Seed and suet are both fine choices to feed birds, but which truly is the better option at your bird feeders? The answer depends on many factors and can change throughout the year.
There are many different types of birdseed, from sunflower and millet to safflower, Nyjer, milo, and different mixes. Birdseed can be an economical choice for feeding birds and is easy to find. It can attract the widest variety of birds, can be used in a wide range of feeder styles, and is easy to store. Birdseed offers good nutrition for birds and can provide energy for active feathered friends, making it an excellent choice for year-round bird feeding.
Birdseed, however, has hulls and shells that can accumulate below feeders and discarded or spilled seeds may sprout unwanted plants. If it gets wet, seed can become clumpy and may not flow through a bird feeder so easily, and when stored, birdseed is susceptible to insect infestation or attracting rodents.
See also: The Do's and Don'ts of Feeding Suet
Suet is rendered fat that is shaped into cakes, balls, plugs, crumbles, or shreds, or may be softer to be spread as a butter-like feed. Suet can be plain fat or may be mixed with birdseed, bits of fruit, nuts, dried insects, or other ingredients to appeal to even more birds. Fully of concentrated energy and highly digestible fat, suet is ideal for times when birds need extra calories, such as during migration or in winter when other food sources may be scarce.
Suet, however, may melt and can attract less desirable wildlife such as raccoons, rats, and even bears. Suet may also stain surfaces such as decks or patios it if falls, and it may soften and melt or drip during hotter weather.
Choosing Seed or Suet for Your Birds
Both birdseed and suet are useful at backyard feeding stations and can attract a wide range of birds. When deciding which to offer at feeders, birders should consider…
- Species – Different birds will prefer either seed or suet. Woodpeckers, wrens, thrashers, bluebirds, and mockingbirds tend to favor suet when it is available, while sparrows, finches, redpolls, and grosbeaks tend to favor seed. Many birds, however, enjoy both seed and suet, such as chickadees, nuthatches, and jays.
- Climate – Because suet can spoil in higher temperatures, it isn’t necessarily the best choice where summers are long and hot. Birdseed, however, can clump together more easily in wet or humid climates, so birders should consider their overall climate conditions when choosing which type of food is best for their birds.
- Season – Birds change their diets at different times of the year based on what natural foods are most abundant, and birders can change what foods they offer to accommodate those preferences. Seed is a great in spring, summer, and fall, while suet is the ideal fall and winter food for extra fat and calories. It is important to note, however, that both seed and suet will be welcomed by birds throughout the year.

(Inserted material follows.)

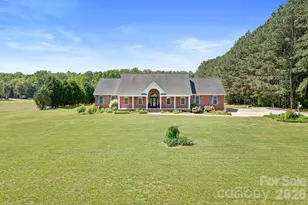 3987 Nc 27 Hwy, Lincolnton, NC 28092 - Photo 45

- Budget – The cost of feeding birds can add up quickly, and birders may need to choose which foods they offer based on their own budget. Commercially produced suet can be more expensive, but making homemade suet is a budget-friendly and bird-friendly option. Premium birdseed mixes are also more costly, but birders can mix their own birdseed blends for less.

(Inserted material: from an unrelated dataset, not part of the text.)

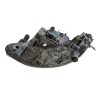 Recambio de faro derecho para seat ibiza iv (6j5, 6p1) 1.2 tdi referencia OEM IAM 6J1941022C 89319159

- Feeder Style – Seed is generally more versatile and can be offered in hopper feeders, platform feeders, tube feeders, or tray feeders, while suet often needs specific suet feeders or other style to fit the size and shape of the suet cakes. Suet can easily be chopped or shredded, however, to fit in any type of feeder or simple dish.
- Cleanup – Both seed and suet require some cleanup to keep a feeding area clean. Suet can be greasy and sticky to clean up, while the hulls and shells from birdseed may need frequent raking, sweeping, or outdoor vacuuming to stay tidy and prevent unsightly accumulation. Feeders will also need regular cleaning to keep birds healthy and prevent food from spoiling.
The Best Choice
Ultimately, the best choice for whether to offer seed or suet to birds is a personal choice for each birder, and there’s nothing wrong with offering both! A more diverse feeding station will attract more birds and many different species, bringing even more enjoyment to the yard and helping support all different of wild birds.
Many birders adjust their offerings throughout the year to better meet birds’ changing needs and preferences, and keeping both seed and suet on hand is a great way to always be prepared to offer birds a nutritious, attractive meal.